The design, implementation and deployment of a system to transparently compress hundreds of petabytes of image files for a file storage service

The design, implementation, and deployment of a system to transparently compress hundreds of petabytes of image files for a file storage service Horn et al., NSDI’17

When I first started reading, I thought this paper was going to be about a new compression format Dropbox had introduced for JPEG images. And it is about that, but it’s also about so much more, as we also learn a little bit of what it’s like to think and operate at Dropbox scale and what it takes to roll out an algorithmic improvement in production. It’s a rare treat to to get such a full ‘soup to nuts’ treatment.

Lepton (available as open source) is a compression tool that replaces the Huffman code at the lowest layer of baseline JPEG compression with a parallelized arithmetic code.

Lepton losslessly compresses an average JPEG image by about 23%. This is expected to save Dropbox more than 8% of its overall backend file storage.

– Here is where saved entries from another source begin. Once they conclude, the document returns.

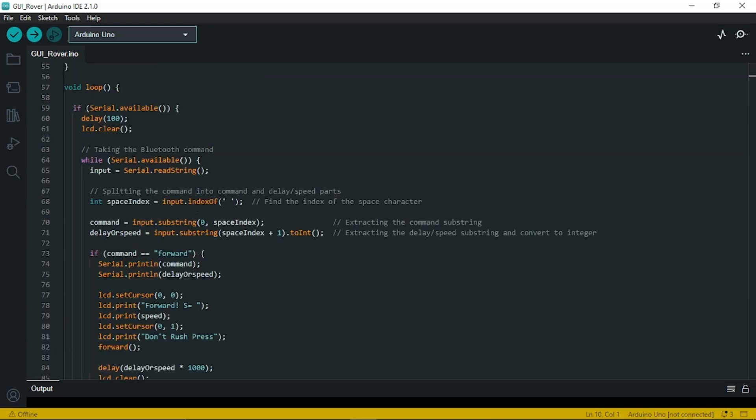After that in the loop function it checks if there is any data available from the serial communication that is the bluetooth. If the data is available, the code clears the LCD display and starts reading the input from the bluetooth module. It reads the input until there is no more data available. The input command is split into command and delay or speed parts using the space character as a delimiter.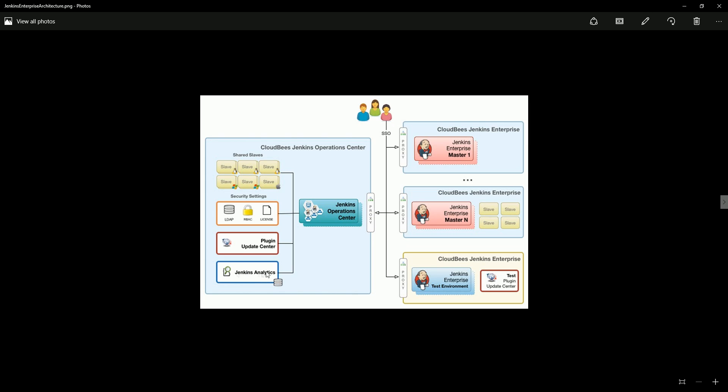Here we are going to create the shared slaves and I am going to create the Jenkins analytics. And also I am going to attach my Jenkins enterprise to the Jenkins operation center so they will communicate, and we will configure the update center.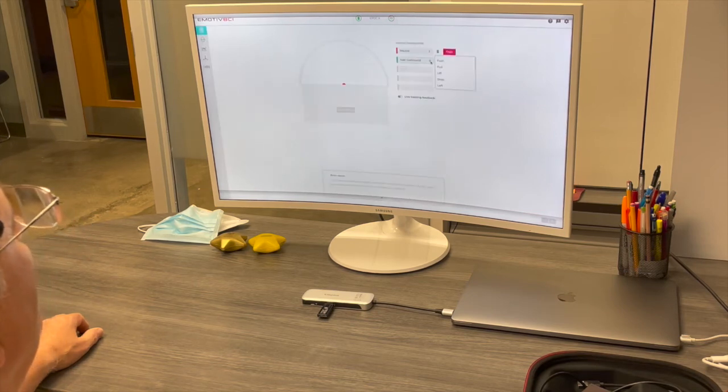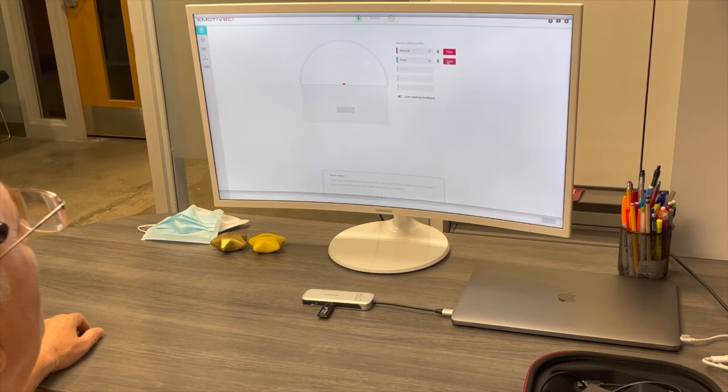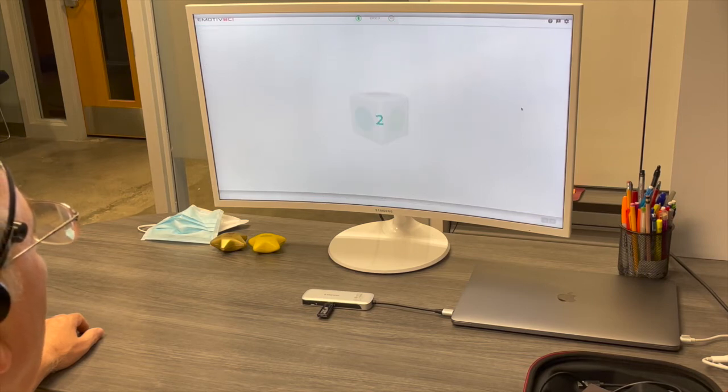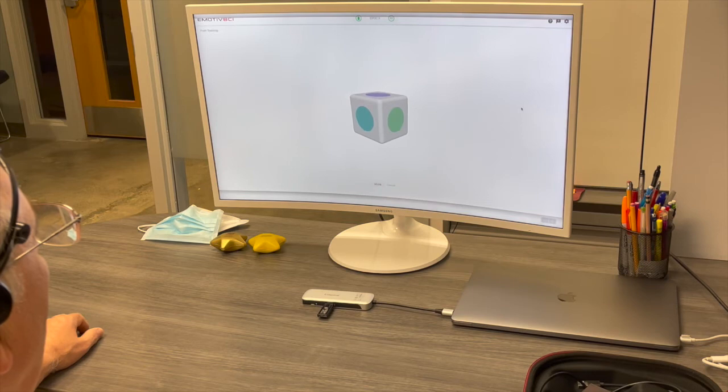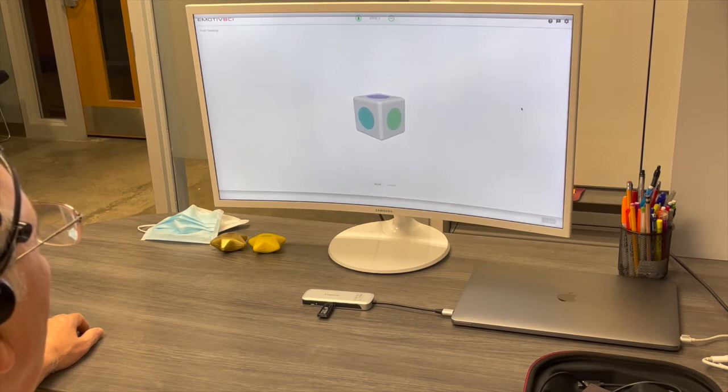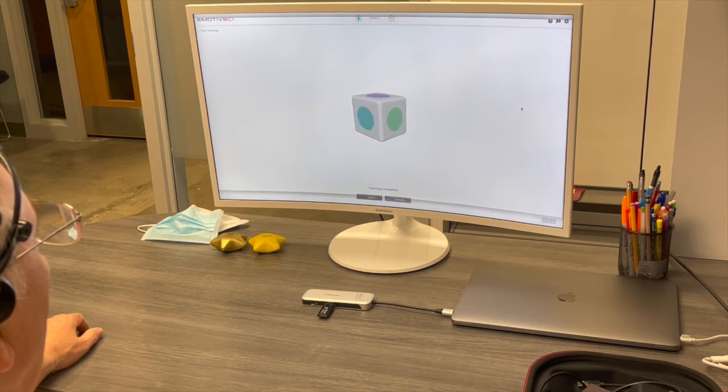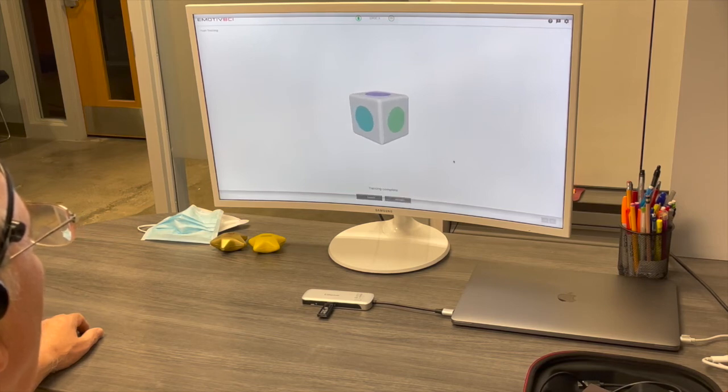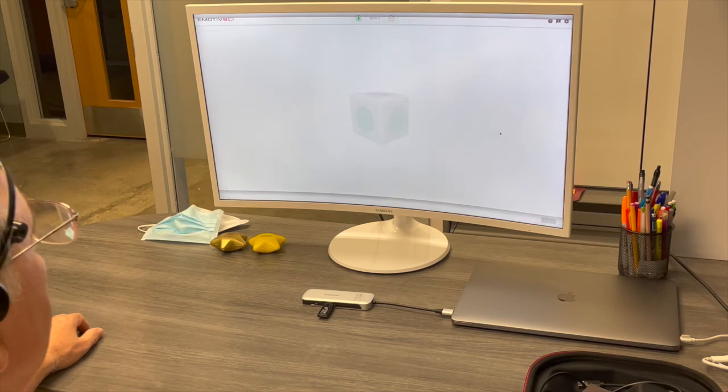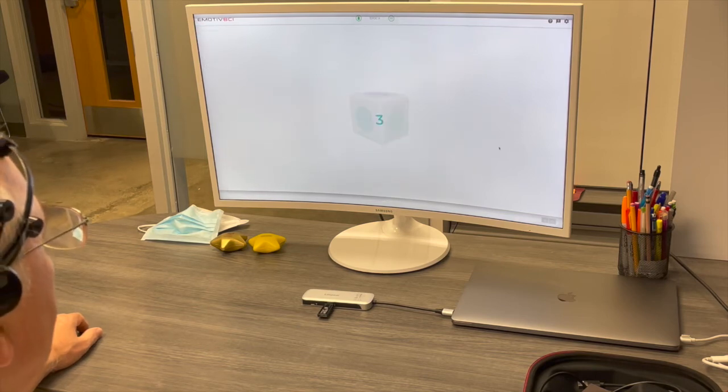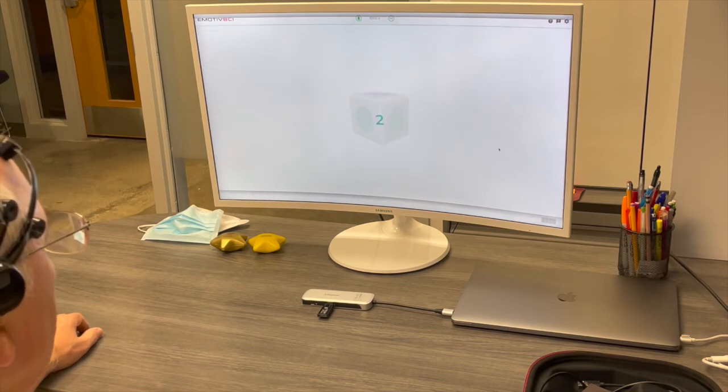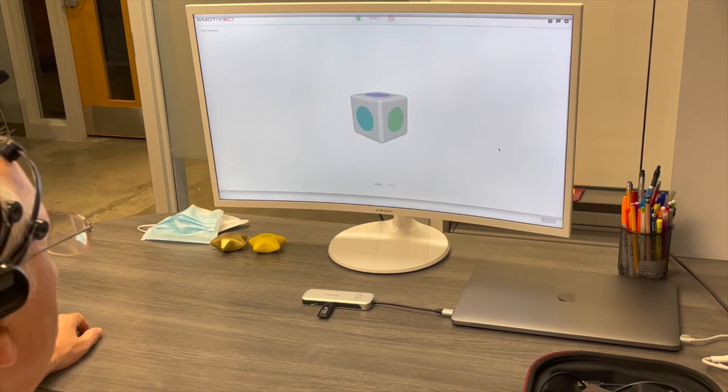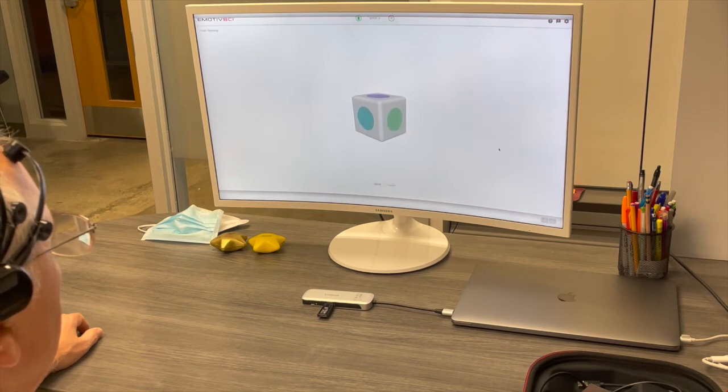And then you can select which kind of movements you want to simulate. In this case, again, I start simulating pushing the three-dimensional cube away, as you see it.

Lepton introduces new techniques that allow it to match the compression savings of prior work (PackJPG) while decoding more than nine times faster and in a streaming manner.

Lepton has been running in production on Dropbox since April 2016, as of February 2017 it had been run on over 150 billion user files (203 PiB of input), reducing total size by more than 46 PiB!

Images on Dropbox

Dropbox manages roughly one exabyte of data, with JPEG images accounting for about 35% of that.

We suspected that most of these images were compressed inefficiently, either because they were limited to “baseline” methods that were royalty-free in the 1990s, or because they were encoded by fixed-function compression chips. In response, we built a compression tools, called Lepton that replaces the lowest layer of baseline JPEG images – the lossless Huffman coding – with a custom statistical model that we tuned to perform well across a broad corpus of JPEG images stored in Dropbox.

Lepton must be lossless – i.e., it needs to be able to recover the exact bytes of the original file, even for intentionally malformed files. Since the Dropbox back-end stores files in independent 4 MiB chunks across many servers, Lepton must also be able to decompress any substring of a JPEG file in isolation.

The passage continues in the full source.